Sunday, January 15, 2006

Euterpe: El jugador (II)

Todavía faltaban dos horas para llegar a Helsinki, donde, si todo salía como estaba previsto, me esperaría mi hermano Alexander acompañado de alguien del Ministerio del Interior con los formularios que me convertirían en ciudadano de un país que jamás había pisado. En la bodega se amontonaban los toneles con arenques en salazón y cientos de cajas de caviar y vodka de contrabando. En la única bombilla iban a morir los enormes mosquitos después de atiborrarse de huevas. De haber dispuesto de ese cargamento, Noé no hubiera deseado el fin del diluvio.
Me hubiera gustado dormir un rato, pero mi cabeza se negaba a tomarse un respiro. Primero porque los acontecimientos de mi huída de la prisión, aunque distaban de poseer el cariz épico que había inventado el reportero alcohólico de Pravda, fueron demasiado para un anciano ajedrecista como yo. Dormitaba entre los hedores de las cinco personas con quienes compartía una celda donde una ética rudimentaria no hubiera permitido juntar a más de dos. En un momento de la noche tumefacta de la celda un guardia que me era desconocido me llamó y me obligó a salir. Demasiadas veces había sido testigo de los paseos nocturnos: un guardia llega, se aleja por el pasillo con un preso famélico a quien no vuelves a ver: así de aséptico, con toda la precisión de una especie de lógica del horror, con una matemática de la crueldad como sólo puede darse en el ajedrez y el fascismo. Que en alguna medida yo haya contribuido a la construcción de ese artefacto a mayor gloria de la muerte me llena de un dolor incrédulo, de una contrición sobrecogedora.
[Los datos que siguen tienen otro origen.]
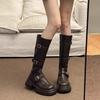 Leather Platform Boots Women's Knee Boots Autumn and Winter New Belt Buckle Small Tall Knight Boots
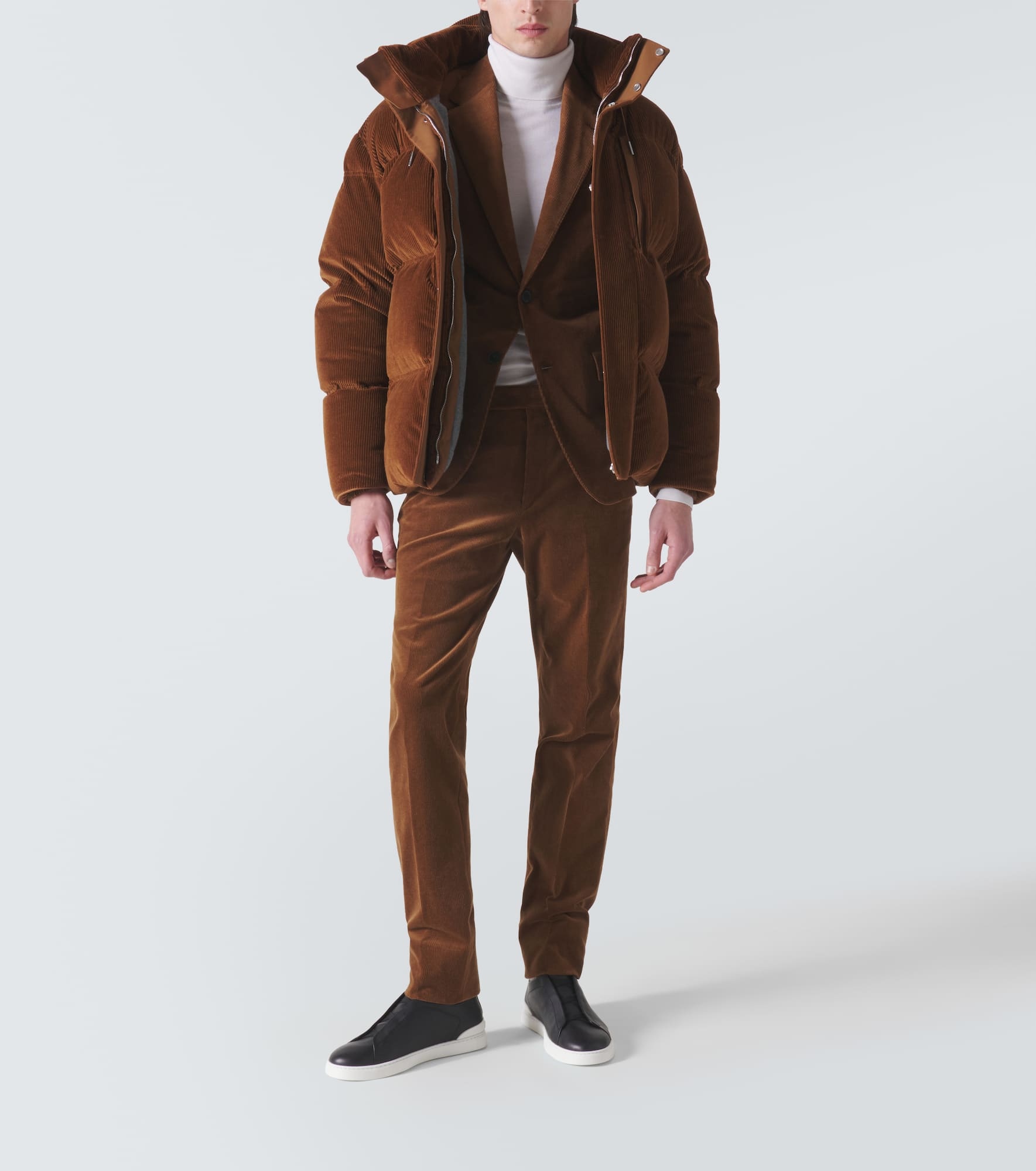 Cotton and cashmere corduroy slim pants - 2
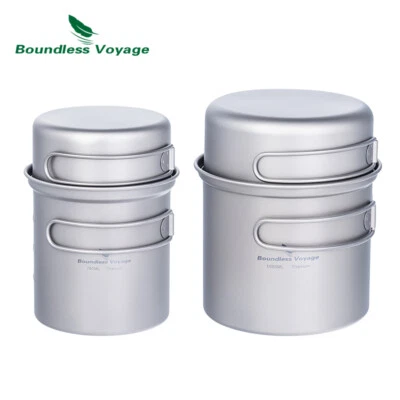 Titanium Pot Pan Set Camping Cookware Lightweight Outdoor Kitchen Bowl Mess Kit - Image 1 of 4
Por ese motivo supongo que no sentí miedo durante el paseo tras el guardia que llevaba un uniforme acaso demasiado pulcro. Caminada detrás de él acarreando la fatiga de un año de confinamiento, de torturas demasiado humillantes y de décadas de ignominia. Esperaba con una calma de cetáceo que en el patio hubiera cuatro o cinco guardias más con cara de sueño y deseosos de terminar pronto con su trabajo y regresar a sus catres poco más cómodos que los nuestros. En cambio, el patio estaba desierto en la noche helada. El aliento del guardia se congelaba y caía al suelo como polvo de diamante: apenas me alcanzaba el resuello para seguir su paso decidido. A partir de ahí las imágenes se mezclan como en una película surrealista. Recuerdo haber despertado en el interior del maletero de un coche, recuerdo también a un hombre que me ofrecía té en medio de un desierto helado, recuerdo haber pensado en mi padre y recuerdo haber entrevisto una apertura brillante y original que he olvidado.Empecé a tomar conciencia de lo ocurrido en Tallin, poco antes de que me introdujeran en la bodega del ferry. Supongo que me habían drogado para que no arruinara a mis buenos captores el larguísimo viaje en coche desde Moscú. Lamento no haber conocido a quien me salvó la vida arrástrándome como a un guiñapo a través de geografías desoladas. Sólo después de zarpar vino el capitán a la bodega. Era altísimo, y parecía ignorar el concepto de higiene. Con un fuerte acento georgiano me habló de mi hermano, de Finlandia y de una casa en un lago. Al ver mi torpeza y mi entumecimiento profirió una risa desdentada y me dio una palmada en la espalda que todavía me duele.